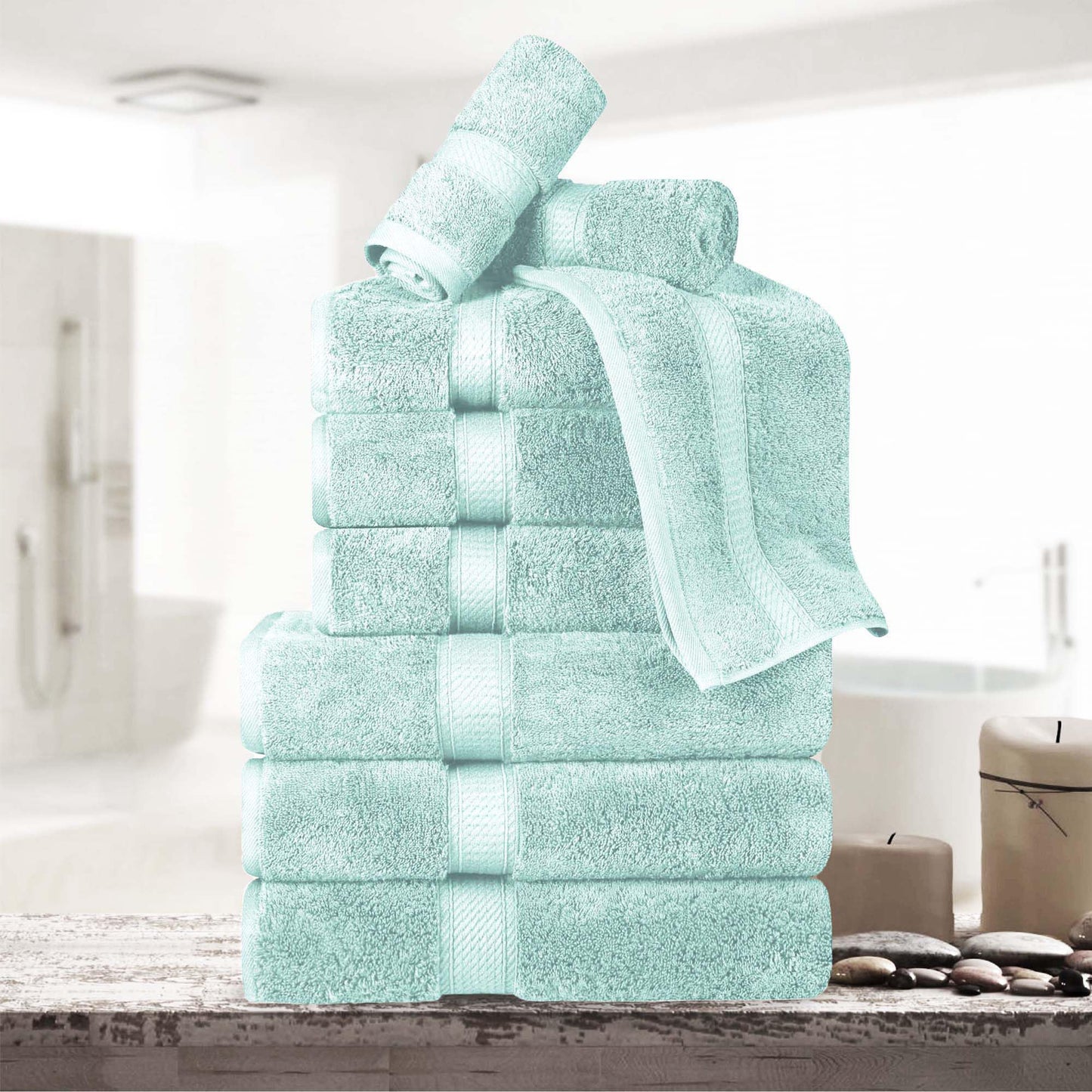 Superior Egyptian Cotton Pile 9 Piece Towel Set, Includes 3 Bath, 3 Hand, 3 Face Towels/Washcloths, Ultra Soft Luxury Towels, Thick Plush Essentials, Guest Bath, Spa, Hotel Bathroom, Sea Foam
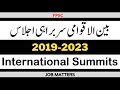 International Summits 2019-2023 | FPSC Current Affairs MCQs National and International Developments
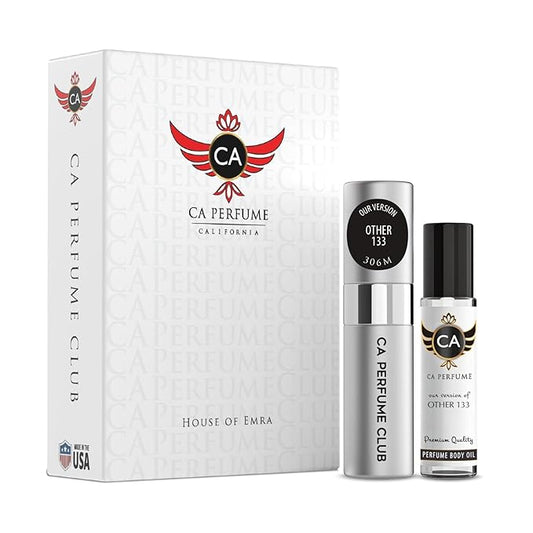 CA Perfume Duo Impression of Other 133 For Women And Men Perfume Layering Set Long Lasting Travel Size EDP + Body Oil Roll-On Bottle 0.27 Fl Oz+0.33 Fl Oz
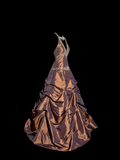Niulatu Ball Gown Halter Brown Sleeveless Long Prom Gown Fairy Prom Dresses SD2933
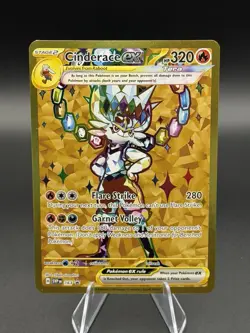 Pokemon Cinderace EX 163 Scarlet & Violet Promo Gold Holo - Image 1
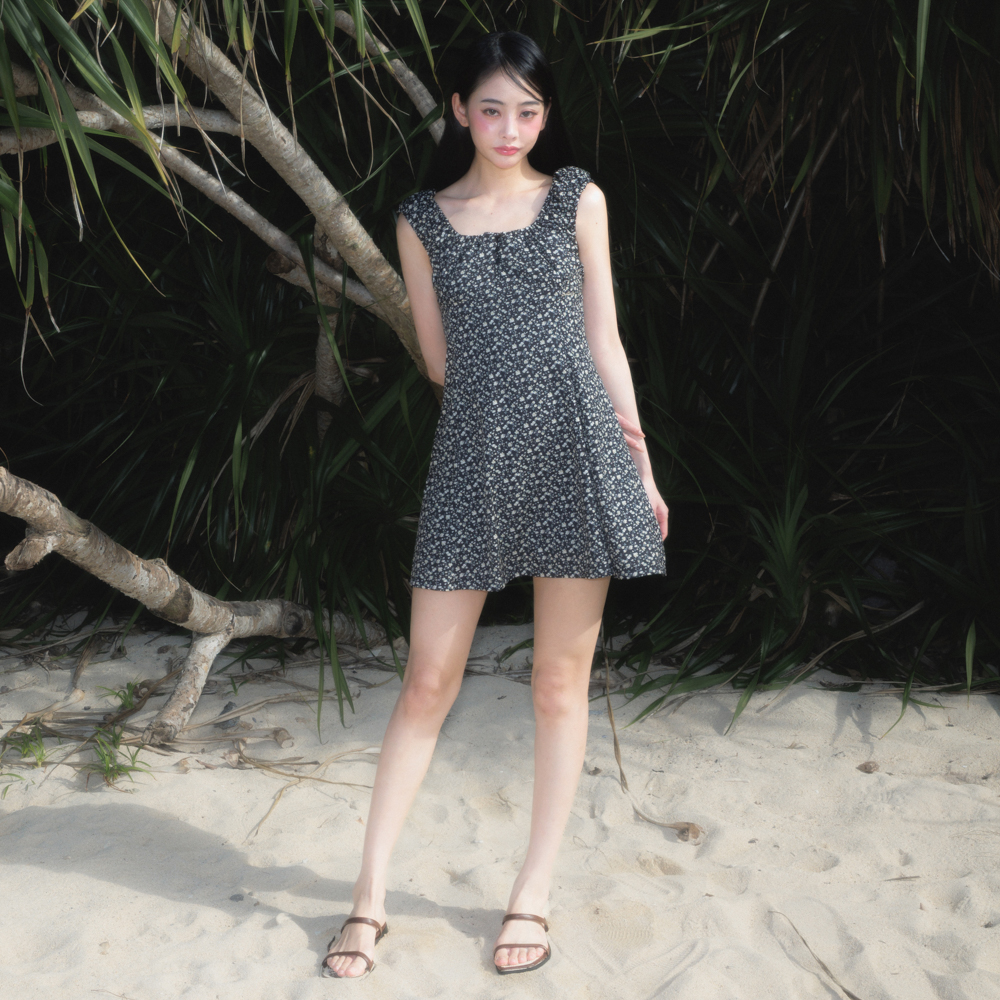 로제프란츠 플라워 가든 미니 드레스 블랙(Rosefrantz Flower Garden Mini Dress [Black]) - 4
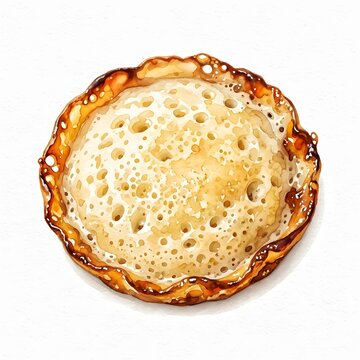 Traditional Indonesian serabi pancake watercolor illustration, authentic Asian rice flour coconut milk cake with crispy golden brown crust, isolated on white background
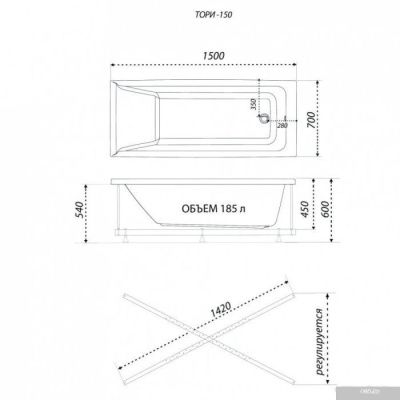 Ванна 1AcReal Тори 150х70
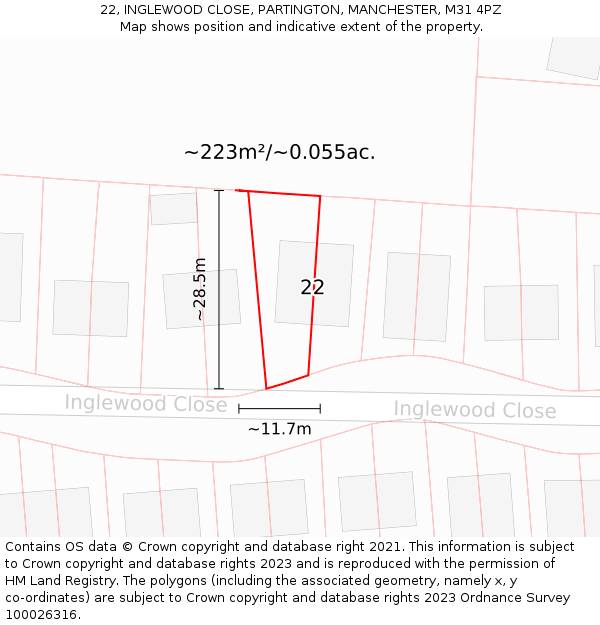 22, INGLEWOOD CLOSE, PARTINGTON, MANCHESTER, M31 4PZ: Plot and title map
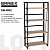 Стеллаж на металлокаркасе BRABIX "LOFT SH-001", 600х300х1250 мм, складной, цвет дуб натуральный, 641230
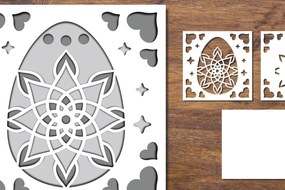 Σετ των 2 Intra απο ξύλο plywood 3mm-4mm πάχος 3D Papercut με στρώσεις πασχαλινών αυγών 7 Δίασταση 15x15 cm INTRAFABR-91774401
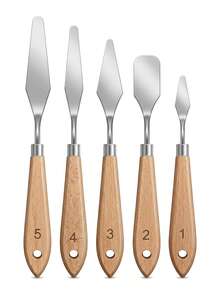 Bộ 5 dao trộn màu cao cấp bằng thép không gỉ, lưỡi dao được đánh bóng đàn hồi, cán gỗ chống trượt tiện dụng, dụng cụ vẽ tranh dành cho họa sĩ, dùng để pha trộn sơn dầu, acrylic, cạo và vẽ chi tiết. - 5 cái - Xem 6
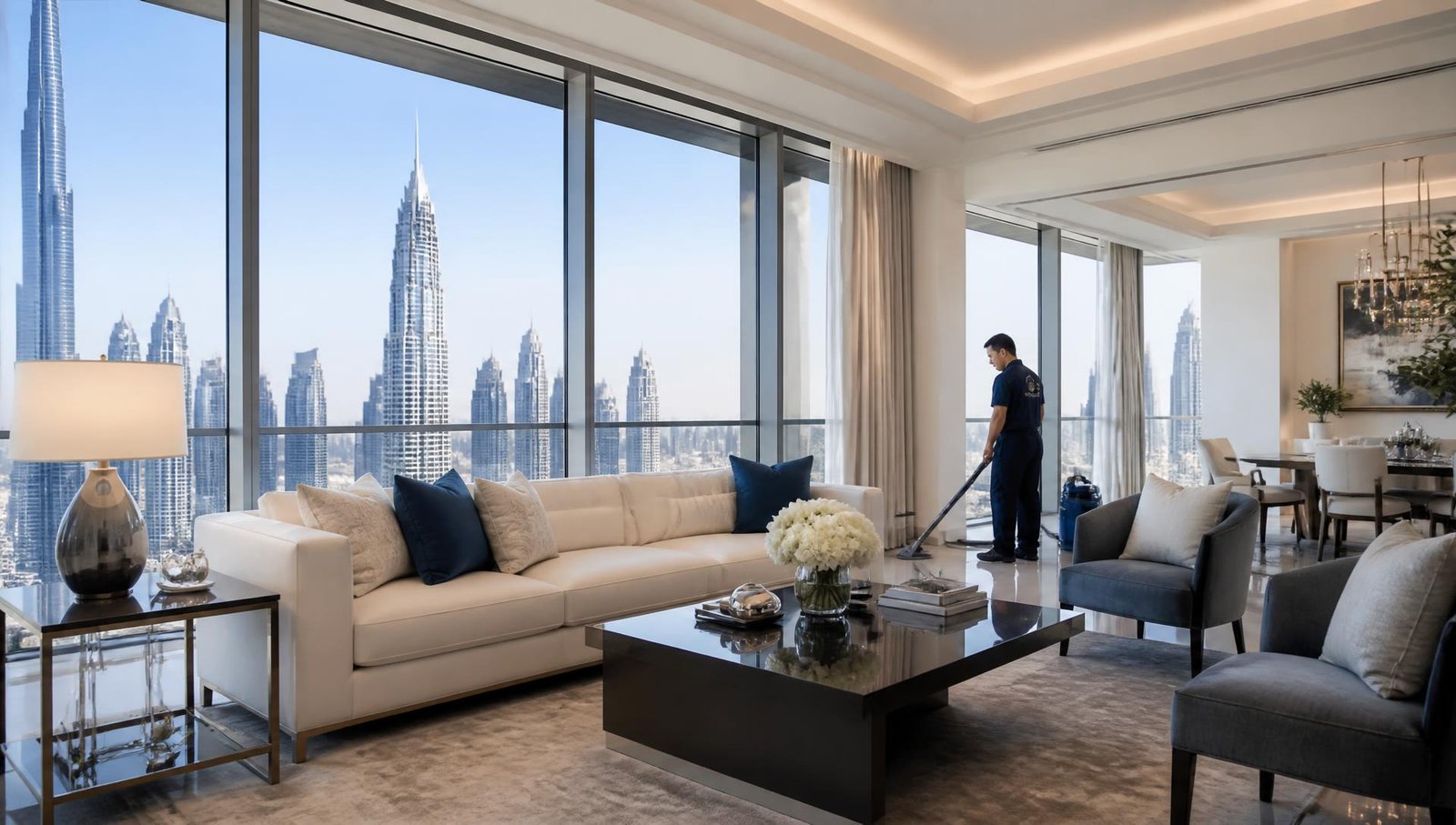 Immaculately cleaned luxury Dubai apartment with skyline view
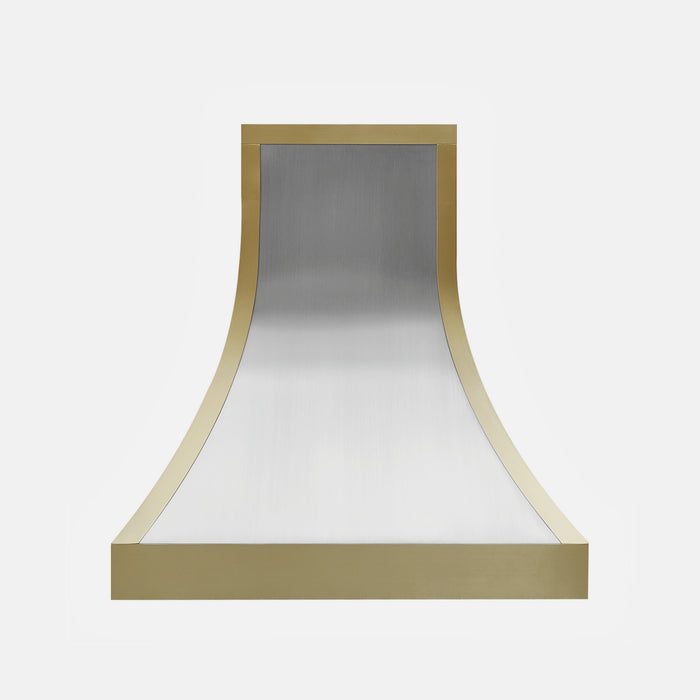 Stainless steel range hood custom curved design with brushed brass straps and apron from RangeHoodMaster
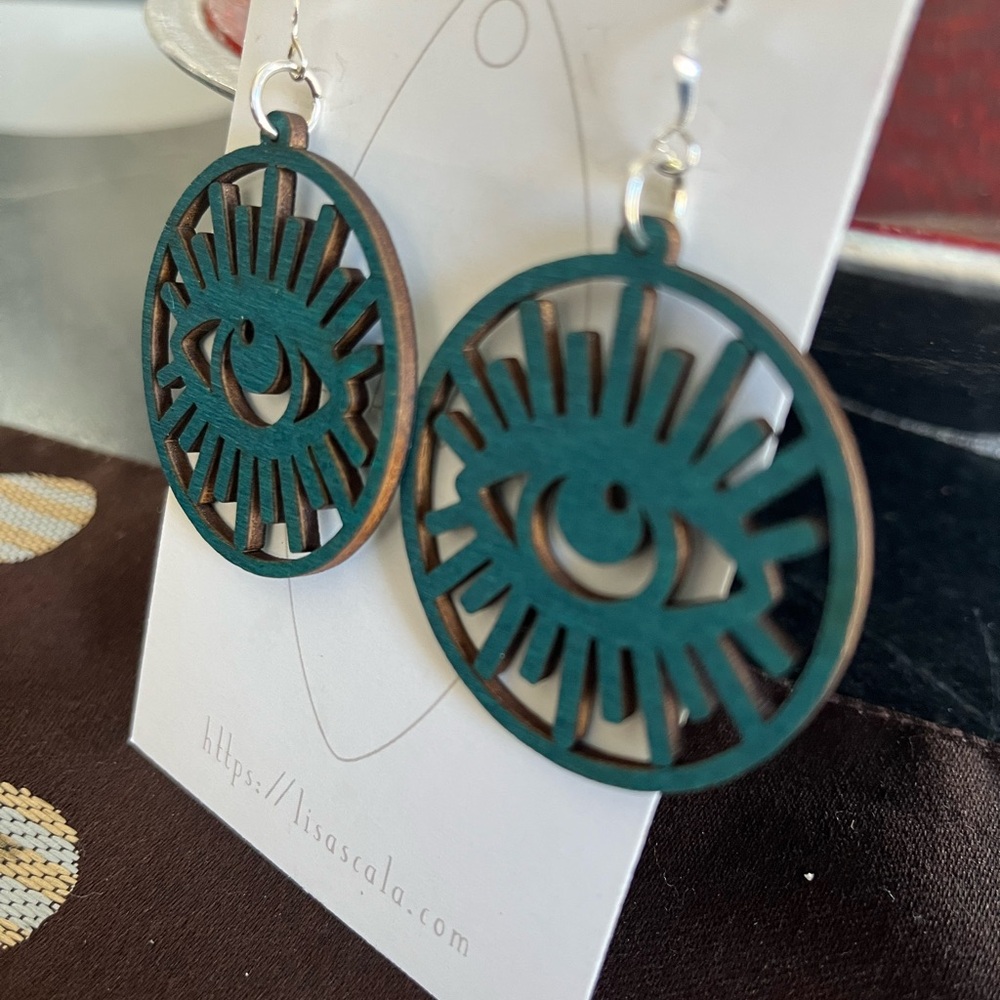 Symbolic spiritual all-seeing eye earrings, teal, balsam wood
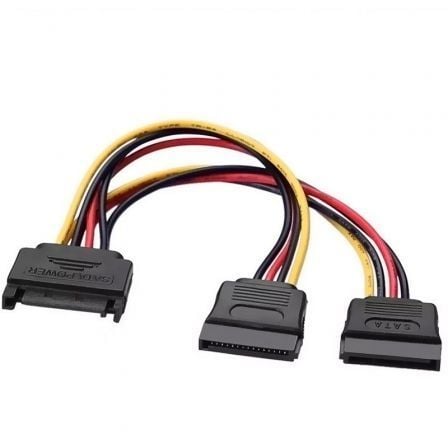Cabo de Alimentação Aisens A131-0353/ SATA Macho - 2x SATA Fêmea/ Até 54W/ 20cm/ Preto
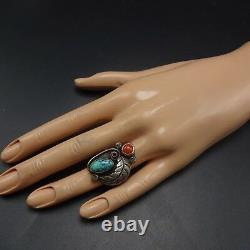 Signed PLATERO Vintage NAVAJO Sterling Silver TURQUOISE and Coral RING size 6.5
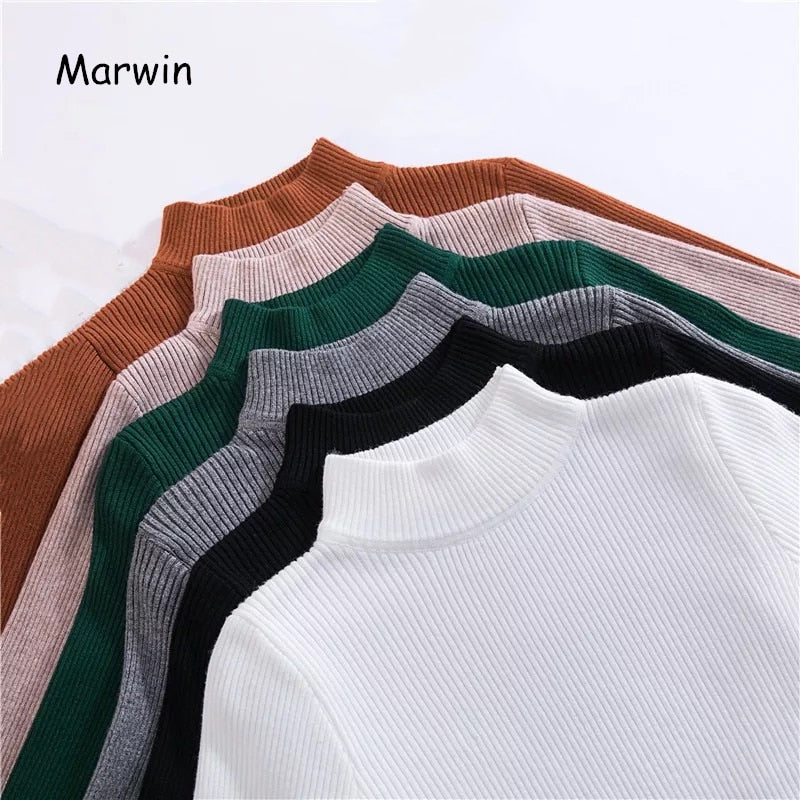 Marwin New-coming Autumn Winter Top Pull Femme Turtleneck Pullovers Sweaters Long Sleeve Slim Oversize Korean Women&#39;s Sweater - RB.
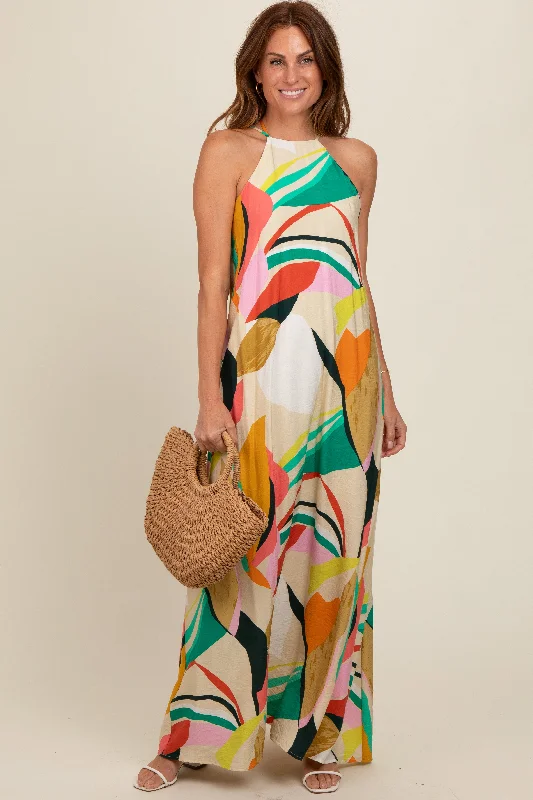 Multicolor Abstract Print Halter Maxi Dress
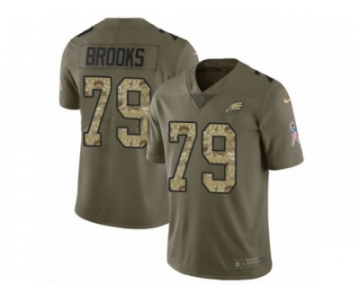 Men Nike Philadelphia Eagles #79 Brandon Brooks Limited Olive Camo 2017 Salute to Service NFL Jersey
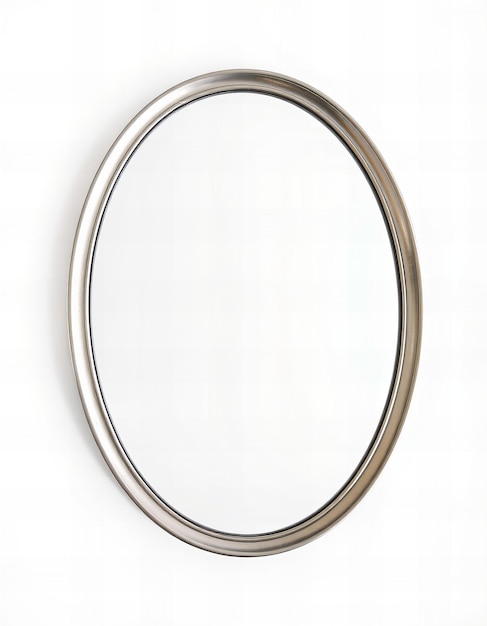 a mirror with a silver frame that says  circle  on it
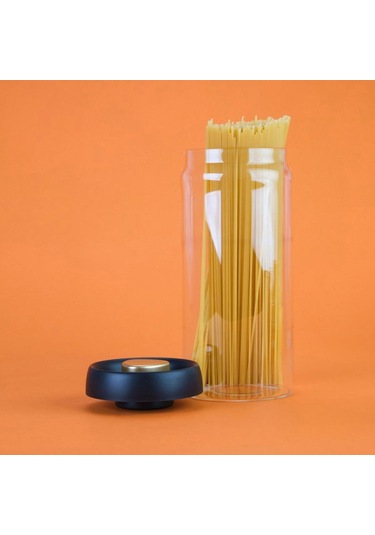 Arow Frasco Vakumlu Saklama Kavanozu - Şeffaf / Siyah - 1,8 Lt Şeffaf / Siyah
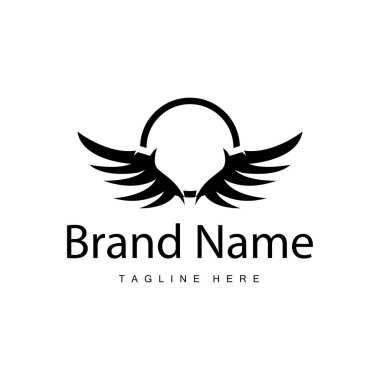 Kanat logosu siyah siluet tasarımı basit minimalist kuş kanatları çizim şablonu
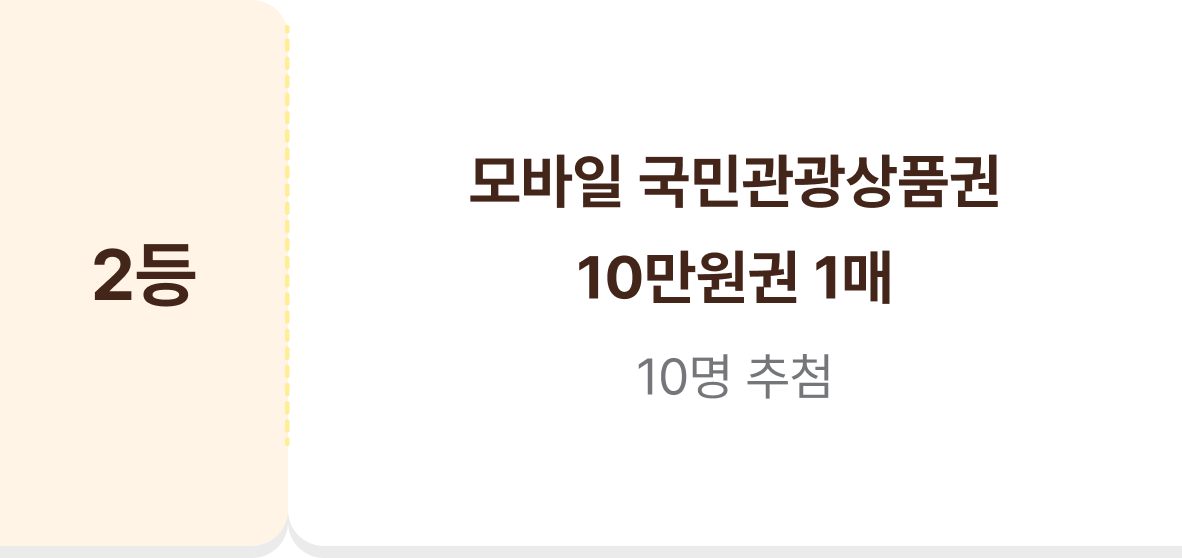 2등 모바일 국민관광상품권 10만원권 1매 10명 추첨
______
- Exercise details -
Output must match the lines from the start of the records above through the line that contains "Pokemon Cinderace EX", exactly and with every picture removed.

- Response to this task -
 Superior Egyptian Cotton Pile 9 Piece Towel Set, Includes 3 Bath, 3 Hand, 3 Face Towels/Washcloths, Ultra Soft Luxury Towels, Thick Plush Essentials, Guest Bath, Spa, Hotel Bathroom, Sea Foam
 International Summits 2019-2023 | FPSC Current Affairs MCQs National and International Developments
 CA Perfume Duo Impression of Other 133 For Women And Men Perfume Layering Set Long Lasting Travel Size EDP + Body Oil Roll-On Bottle 0.27 Fl Oz+0.33 Fl Oz
Niulatu Ball Gown Halter Brown Sleeveless Long Prom Gown Fairy Prom Dresses SD2933
 Pokemon Cinderace EX 163 Scarlet & Violet Promo Gold Holo - Image 1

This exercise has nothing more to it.